The main consumer of my time since I last posted has, fairly obviously, been school; that is the reason for my presence here, in any case. So, in no particular order, here are some of the things I have accomplished during my studies here in Dublin:

  • I wrote a distributed application in Java for booking train journeys across Ireland.

  • I learned about various forms of cryptography, network authentication, and key exchange (like Kerberos and Diffie-Hellman)

  • I studied, memorized, and used concurrent programming techniques such as two-phase locking and two-phase commit.

  • I listened to lots of lectures about the data link, transport, and network layers of the OSI stack.

  • I wrote part of a Facebook application for rating events.

  • I won a bottle of cheap champagne for suggesting that Intel improve the profiles in their wireless card management software.

  • I gave a business plan presentation about putting advertisements on cheap umbrellas.

  • I led a team of eleven to complete a framework for administration of a managed motorway system.

  • I drank a lot of Guinness (this one is very important to the learning).

  • I wrote distributed applications using the Sieve of Eratosthenes and Conway's Game of Life.

  • I helped modify a discrete event-based network simulator to allow for mobile network nodes, and may even get a publication out of the resulting paper.

  • I discussed all the current forms of intellectual property protection.

  • I watched presentations on network file systems, and on the difference between thread-based and event-based concurrent programming.

  • I learned how to use thread pools and event channels.

  • I heard talks about reindeer herders in Lapland and about transmitting data to Mars orbiters.

  • I worked with all sorts of XML-based technologies, like XSLT and DTD and RDF and OWL.

  • I started using virtual machines.

  • I wrote a little bit of Perl.

  • I had to know and describe the difference between .Net Remoting and Java RMI in terms of their use of proxy objects.

  • I studied and wrote part of a paper on new network management technologies such as WS-Management, which uses composable web services to manage network elements.

  • I learned a language for use in proving the validity of concurrent algorithms.

  • I read papers about third-generation peer-to-peer technologies.

  • I gave a part of a presentation about service-oriented architecture.

  • I did, well...a bunch of other stuff that one might do during a one-year masters' course in computer science.



Of course, I had some fun during my time here as well, especially since it's so close to Europe. For instance, I went to Italy and ate an entire octopus...


The tentacles were tricky.


...and played on the beach.


No cliffs in Italy!


I also read two books, and I went to Cork in the south...


They have cliffs there, though.


...and Connemara out in the west...


Like cliffs but landlocked.


...and even to Belgium.


Ah, Belgium; where 13 years makes a beer more tasty.


So I've been out and about at least a little bit. I did some work, too; our Italian clients have been (mostly) successfully updated to a new version.

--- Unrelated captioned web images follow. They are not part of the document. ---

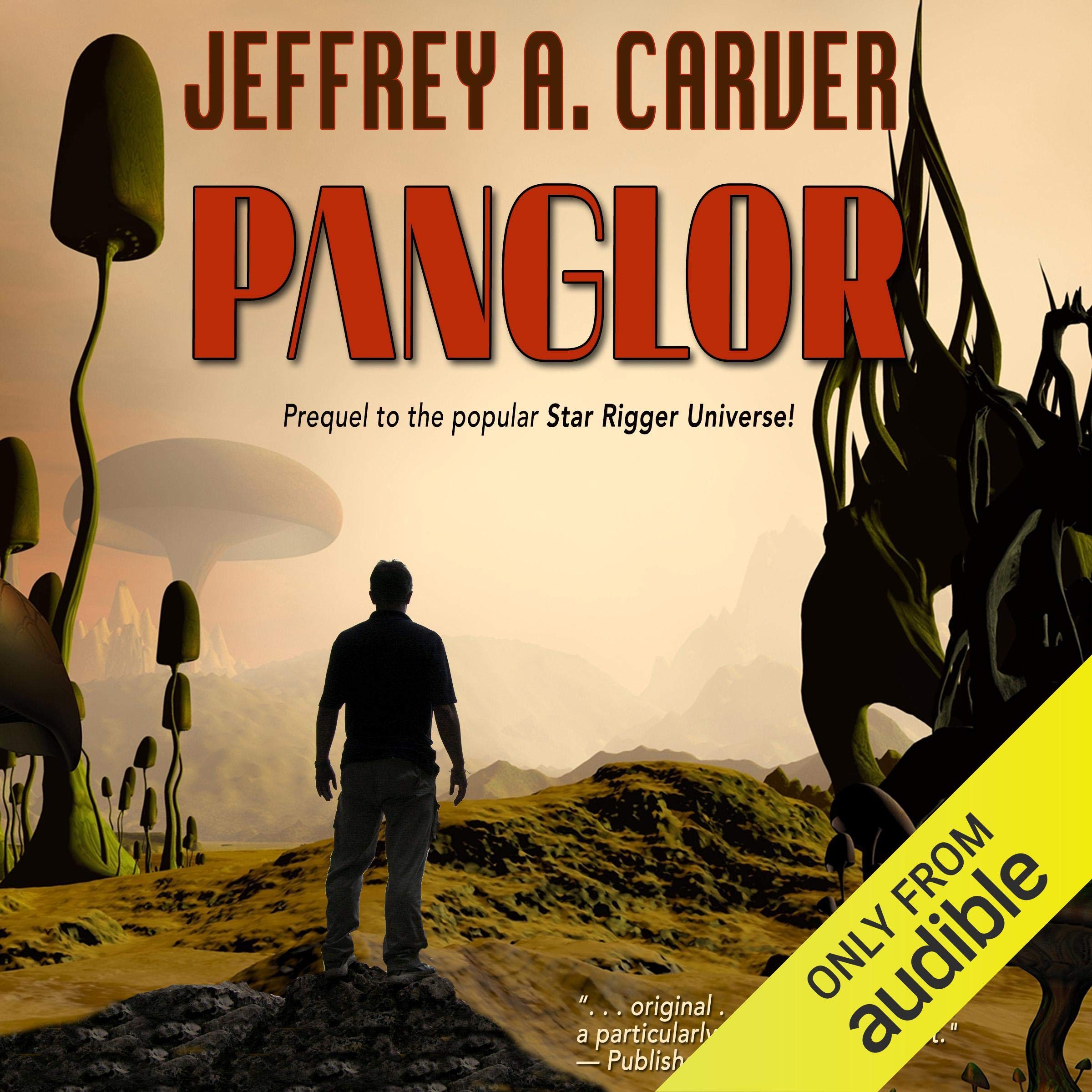 Cover art for Panglor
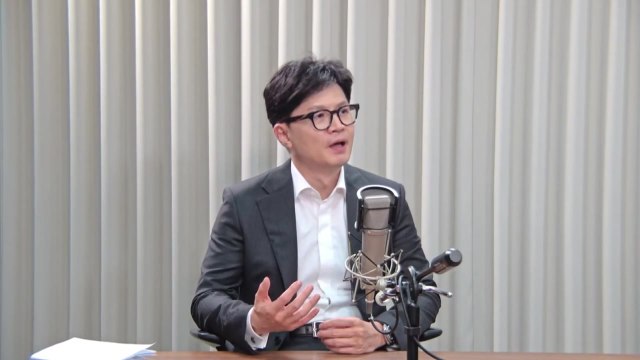 한동훈, '문자 무시' 논란에 전대 개입 잘못돼 / YTN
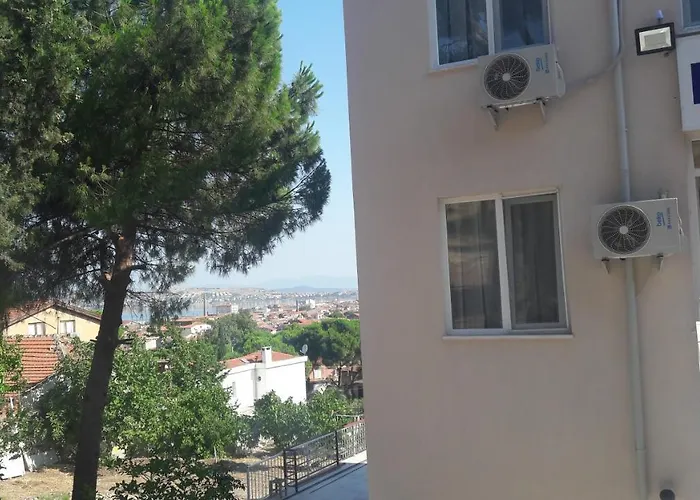 Camlaraltipansiyon Accommodatie bij particulieren Ayvalı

Now it's summer for me (exams finished up a few weeks ago), and it's time to start working seriously on my thesis. I picked a topic on something called knowledge-based networking, which involves using some of the semantic technologies we learned before to allow for more expressive subscriptions in the middleware we're using for content-based networking and message delivery. I'm adding support for temporal and causal reasoning, which also involves adding a database to each message broker. That's probably gibberish to most people, but the full description is far more esoteric, so I'll leave it at that.